When dealing with a fixed point in time, it's what is witnessed that is important.
The events of Lake Silencio were the fixed point, who was there, what they saw, and what the end result was. The Death of the Doctor is not the fixed point in time. Everyone witnessing the Death of the Doctor and believing he was dead was.
So when River Song refuses to shoot, it doesn't matter that it's not the Doctor in front of her, nor does it matter that it's not the Doctor she's touching later. As far as anyone knows, it's the Doctor, and it's her target regardless, and that's enough to fulfill the conditions.
The trope is common enough when dealing with time travel, in plots where paradoxes are possible. This is in fact the same strategy that he uses later...
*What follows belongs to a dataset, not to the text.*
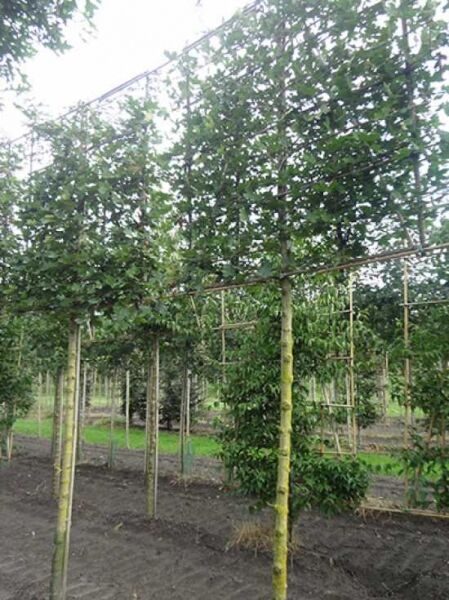 Feld-Ahorn 'Elsrijk' 'Hochstamm-Spalier' H:160 B:160 T:20 (Stamm 210 cm) / Feld-Ahorn 'Elsrijk' 'Hochstamm-Spalier' H:160 B:160 T:20 (Stamm 210 cm)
... during The Day of the Doctor, when re-entering the events of the end of the Time War, where Gallifrey and the Daleks were supposed to have all been destroyed and does actually appear that way, and what actually happens is quite different
In fact, as pointed out in the comment linking the similar question, the currently top-voted and accepted answer mentions proof that the Doctor never could have been dying when we saw him at Lake Silencio...
... because The Time of the Doctor shows that his regenerations are actually completely exhausted, as both the War Doctor and Ten's Hybrid counted as full regenerations that weren't acknowledged as such. Eleven never could have started regenerating at all, so it was always an illusion in play (even if the writers couldn't have known that at the time, it fits quite nicely in retrospect).